第一部最後、イザベル・ゲランとマニュエル・ルグリの『フェアウェル・ワルツ』が素晴らしかった。パトリック・ド・バナの振付である。近年ルグリは自身のガラなどで、頻繁に日本の観客にバナの作品を紹介してきた。男性同士が絡む濃厚なものが多かったが、今回はストレートに男女のパ・ド・ドゥである。これまで見たバナの振付の中で一番美しい作品であった。お辞儀をするように体をしならせてゲランに腕を差し出す、ルグリの動きに哀しみが滲む。バナのホームページによると、ショパンとジョルジュ・サンドの関係からアイデアを膨らませたダンスなのだそうだ。舞台に大きな円を描いて、リフトから床を滑るシークエンスが心に残った。
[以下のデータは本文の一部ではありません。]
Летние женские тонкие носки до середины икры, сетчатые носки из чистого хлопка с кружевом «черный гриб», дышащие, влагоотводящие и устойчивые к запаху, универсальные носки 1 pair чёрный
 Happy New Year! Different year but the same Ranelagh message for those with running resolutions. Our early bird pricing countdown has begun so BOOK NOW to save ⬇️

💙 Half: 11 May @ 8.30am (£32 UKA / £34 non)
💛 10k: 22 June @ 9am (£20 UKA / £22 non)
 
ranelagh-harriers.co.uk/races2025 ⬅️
ハンブルク・バレエ団の男女2組による『いにしえの祭り』からの抜粋も見応えがあった。男性は軍服を羽織っており、プログラムによると間もなく出征する若者なのだそうだ。舞台の後方にはパーティションがあり、その奥に晩餐の席が準備されている。前半はアンナ・ラウデールとエドウィン・レヴァツォフによるパ・ド・ドゥ。長身でスタイリッシュな二人が、放心したようにカクカクと体を揺らして踊る。後半はシルヴィア・アッツォーニとアレクサンドル・リアブコのペア。体を素早く激しく動かすエモーショナルな踊り方は、いかにもリアブコらしい。前半の二人と打って変わって感情が迸るようだった。

今年パリ・オペラ座を引退したオレリー・デュポンは、エルヴェ・モローと『トゥギャザー・アローン』を踊った。振付は2014年にパリ・オペラ座の芸術監督に就任したバンジャマン・ミルピエ。舞台上のピアノの演奏に合わせて掌を重ね合う動きには、内省的な雰囲気があった。ストレッチ素材と思われるが、ジーンズのように見えるパンツに、白いタンクトップを合わせた衣装は、まるでティーン・エイジャーのようだ。二人ともベテランだが、未来に不安を覚える若い恋人同士のような瑞々しさがあった。

シュツットガルト・バレエ団のアリシア・アマトリアンとフリーデマン・フォーゲルは『オネーギン』の鏡のパ・ド・ドゥを踊った。フォーゲルは2008年の同バレエ団来日時にレンスキーを好演したが、昨年シンガポールとタイのツアーで、ついに『オネーギン』全幕に主演したそうだ。11月の来日公演でも同役が披露される予定であり待ち遠しい。ウリヤーナ・ロパートキナはダニーラ・コルスンツェフと共に『白鳥の湖』第二幕に出演。マリーヤ・アレクサンドロワとウラディスラフ・ラントラートフは二幕最後のパ・ド・ドゥに一幕のヴァリエーションを加えてグラン・パ・ド・ドゥ形式にした『ライモンダ』を踊った。

トリの『ドン・キホーテ』は、7月29日の『ドン・キホーテ』全幕で一幕のメルセデスを踊ったヴィエングセイ・ヴァルデスと、同じくキューバ・バレエ団のオシール・グネーオ。ヴァルデスは2006年の第11回の世界フェスにも出演しており、その際も今回と同じ『ドン・キホーテ』と『ダイアナとアクティオン』を踊り、長いこと片足のポアントで立っていた。大きくぐらつきながらもポアントから落ちないことには驚いたが、耐久時間よりも身体のラインの美しさを優先して欲しい。グネーオは回転のラストに身体を捻るなどして、立体的なラインに色気を添えた。全体的にアクロバティックではあったが、クラシック・バレエとしての見所の少ない、少々残念なラストだった。

怪我等による降板が4名いた。ミリアム・ウルド=ブラームが降板し、ペアを組む予定だったマチアス・エイマンはヌレエフ振付のソロ『マンフレッド』を踊った。また『海賊』を踊る予定だったマリア・コチェトコワが降板。幕開きにスティーヴン・マックレーと『チャイコフスキーのパ・ド・ドゥ』を踊ったヤーナ・サレンコが二度登場し、ダニール・シムキンと『パリの炎』を踊った。デヴィッド・ホールバーグは怪我の回復が遅れ、スヴェトラーナ・ルンキナ共々出演を取りやめた。第二部の冒頭、今年5月に89歳で亡くなったマイヤ・プリセツカヤを追悼し、第一回の世界フェスでプリセツカヤが踊った、瀕死の白鳥の映像が上演された。